* **Work to complete**: Please set down only the lines below starting with the line with "取得中級(jí)經(jīng" and going on through the line with "WE DON'T FIHGT", verbatim and without pictures.

* **Material for the task**:
--

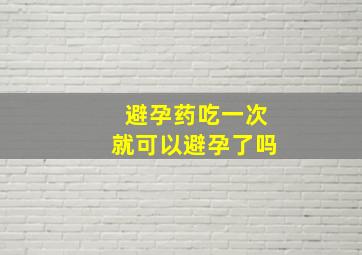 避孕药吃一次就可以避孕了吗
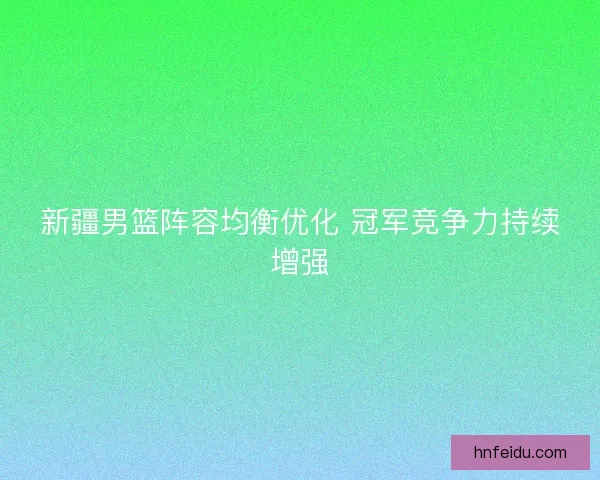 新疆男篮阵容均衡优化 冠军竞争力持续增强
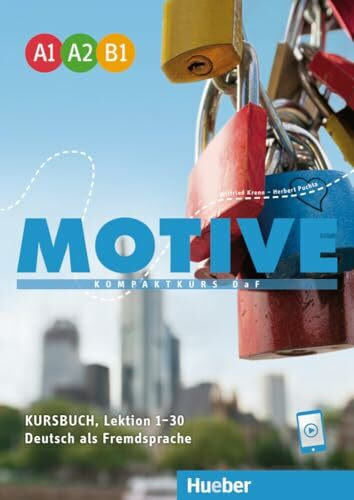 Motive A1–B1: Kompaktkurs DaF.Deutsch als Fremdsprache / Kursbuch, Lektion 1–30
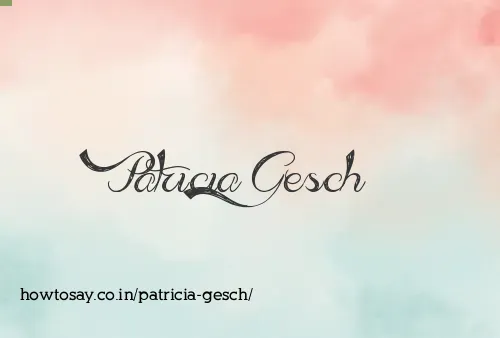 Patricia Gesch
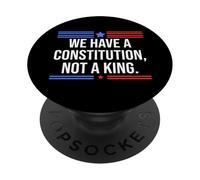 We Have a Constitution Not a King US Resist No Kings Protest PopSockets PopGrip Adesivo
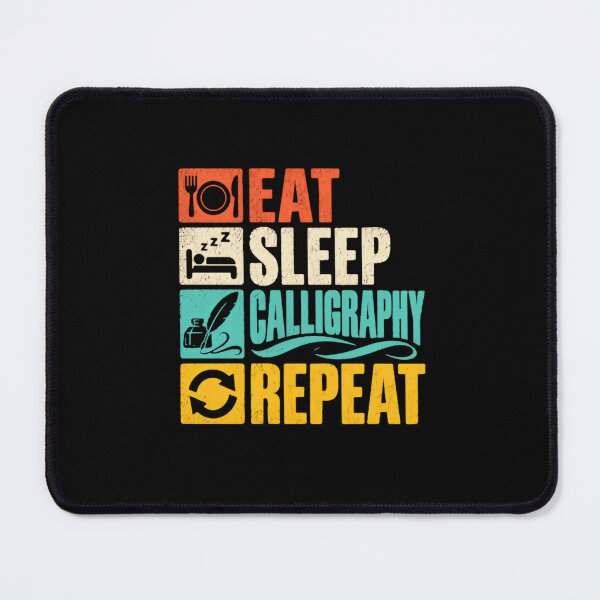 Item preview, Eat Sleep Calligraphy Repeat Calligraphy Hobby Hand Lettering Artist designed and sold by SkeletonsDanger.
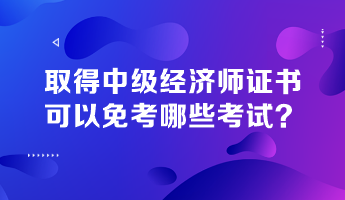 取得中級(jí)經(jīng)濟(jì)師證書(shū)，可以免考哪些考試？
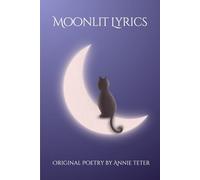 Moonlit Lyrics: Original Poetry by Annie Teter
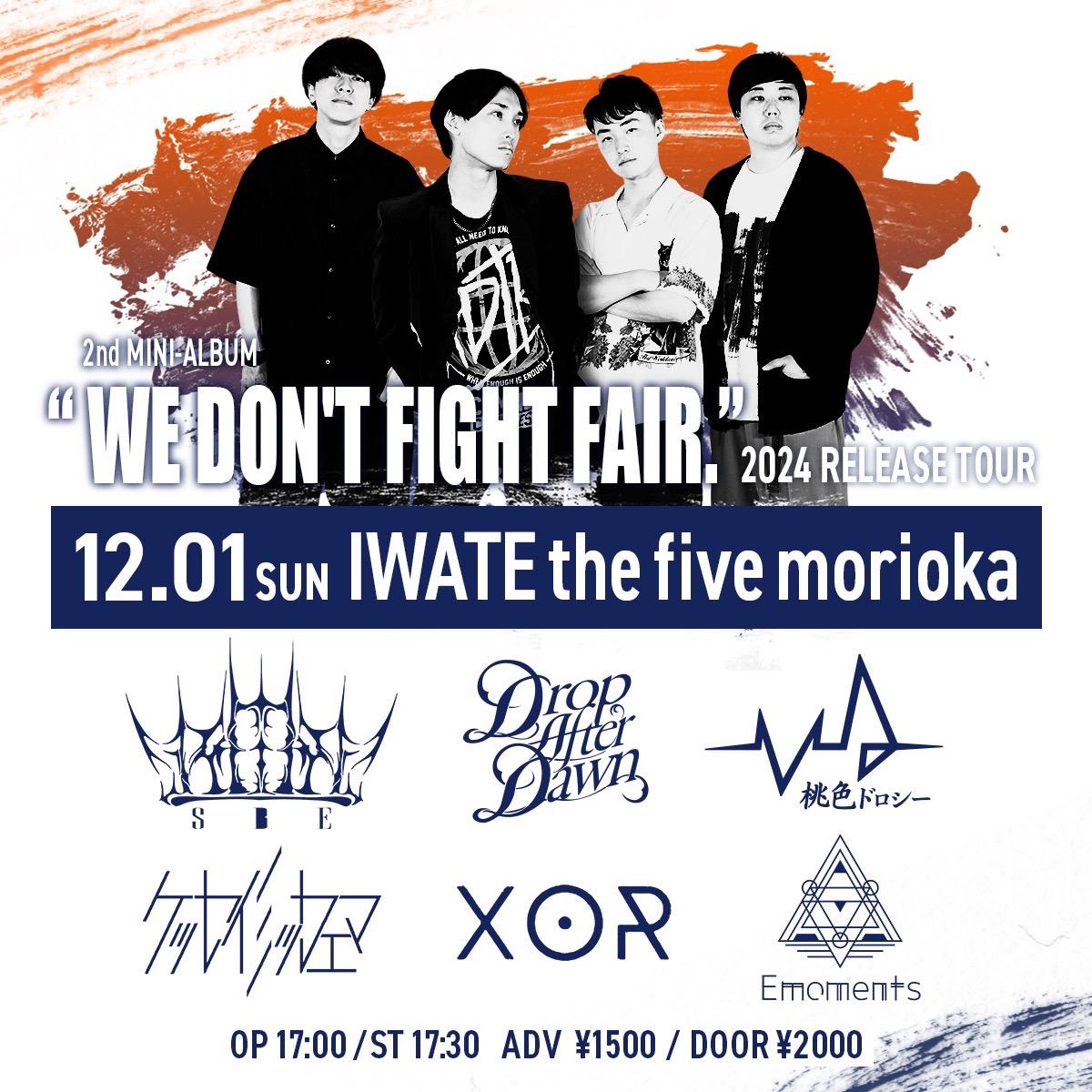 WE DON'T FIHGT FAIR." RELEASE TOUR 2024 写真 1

--

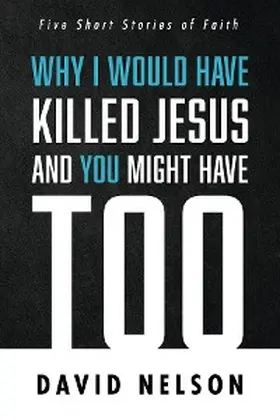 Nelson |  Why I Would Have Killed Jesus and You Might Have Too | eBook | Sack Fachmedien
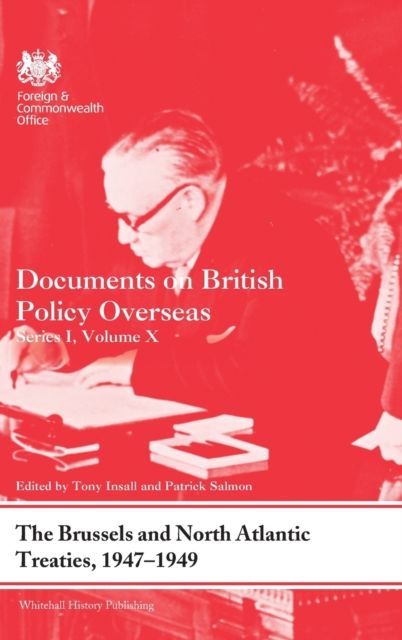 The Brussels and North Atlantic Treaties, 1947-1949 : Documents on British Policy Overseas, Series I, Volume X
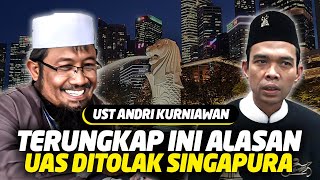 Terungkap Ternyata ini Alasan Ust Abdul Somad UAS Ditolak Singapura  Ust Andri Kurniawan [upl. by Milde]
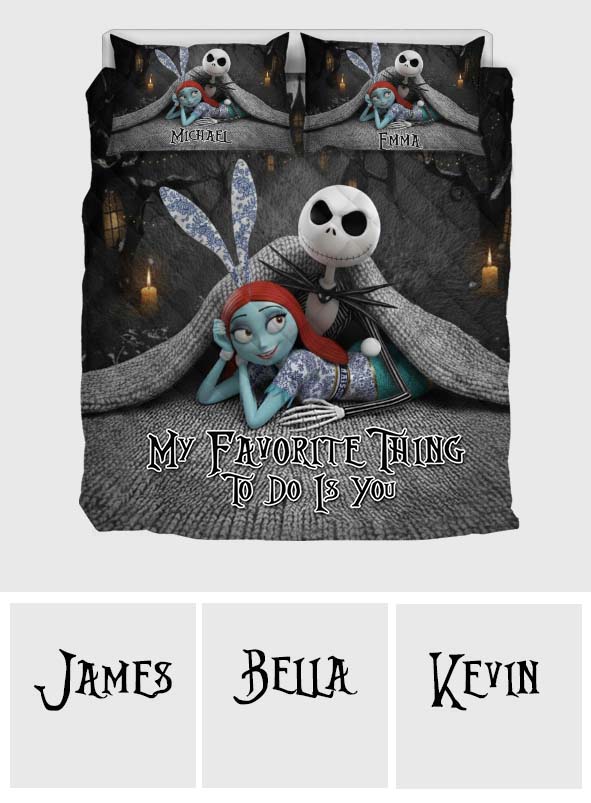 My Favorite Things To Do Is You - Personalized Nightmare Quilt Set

--

* **Answer to this exercise**:
 取得中級(jí)經(jīng)濟(jì)師證書(shū)，可以免考哪些考試？
 Moonlit Lyrics: Original Poetry by Annie Teter
 WE DON'T FIHGT FAIR." RELEASE TOUR 2024 写真 1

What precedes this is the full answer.